ÉLÉMENTS. Dans Les Bibliophiles, vous écrivez que la littérature vit des « heures sombres » ; pourquoi avoir choisi de créer une chaîne YouTube sur cet art, que beaucoup considèrent en déclin, et une maison d’édition ?
LE HUSSARD : Je ne suis pas certain qu’il y ait un déclin de la littérature. Je dirais plutôt « une éclipse ». Le lectorat potentiel est toujours là, comme à chaque génération ; mais il s’ignore, faute de médiateurs culturels dignes de ce nom. L’école ne joue pas son rôle (qui est de toute façon ingrat, reconnaissons-le), les réseaux sociaux accaparent l’attention de tout le monde et la vie urbaine ne laisse pas volontiers le temps de se concentrer sur de belles lectures. Pourtant, la lecture reste nécessaire ; et les gens – au moins inconsciemment – le savent.

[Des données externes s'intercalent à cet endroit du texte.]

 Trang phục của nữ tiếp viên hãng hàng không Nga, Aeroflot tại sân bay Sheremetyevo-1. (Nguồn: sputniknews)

« Le Hussard » est d’abord né d’un constat : il n’y avait pas, sur internet, de contenu digne de ce nom sur la littérature. L’offre se limitait à des chaînes « booktube young adult », à des vidéos mal travaillées ou à des contenus datant de plusieurs années. Dans ces conditions, comment se plaindre que les gens ne se tournent pas vers la grande littérature ? En somme, il y avait un défi à relever : je l’ai relevé. La littérature est un sujet qui me passionne depuis des années, et je savais que je pourrais en parler sans me lasser, tout en apportant quelque chose de neuf aux spectateurs. Et quand je vois leurs retours, je sais que je ne me suis pas trompé !

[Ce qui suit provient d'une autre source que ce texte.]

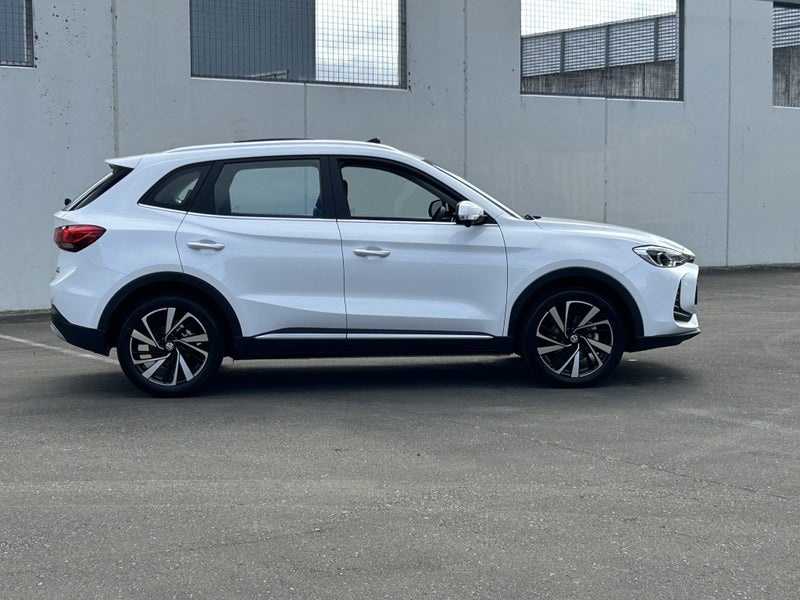 2025 MG ZS Hybrid Essence Essence 1.5Pht/3Hd image 2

Quant à La Giberne, la maison d’édition adossée à la chaîne depuis 2023, sa création était présente dans mon esprit dès le lancement du « Hussard ». L’idée était d’aller encore plus loin en montrant aux gens que non seulement l’intérêt pour la grande littérature n’est pas mort, mais que les grands auteurs contemporains sont aussi parmi nous : ils ont seulement besoin d’un canal pour s’exprimer, loin des normes éditoriales étouffantes, consensuelles et interchangeables de trop nombreuses maisons actuelles ! L’esprit de La Giberne, finalement, c’est de dire aux gens : « vous aimez la littérature ? Vous cherchez de bons auteurs ? Vous voulez encourager la création littéraire moderne et audacieuse ? J’ai ce qu’il vous faut ! » Et c’est un honneur de voir que tant de gens, avec bonheur, ont répondu à mon appel !
ÉLÉMENTS. Dans votre livre, les références littéraires sont innombrables et vos chapitres ont des noms de romans, de Céline à Musil, de Giono à Gary. Quelles sont vos influences littéraires et intellectuelles ?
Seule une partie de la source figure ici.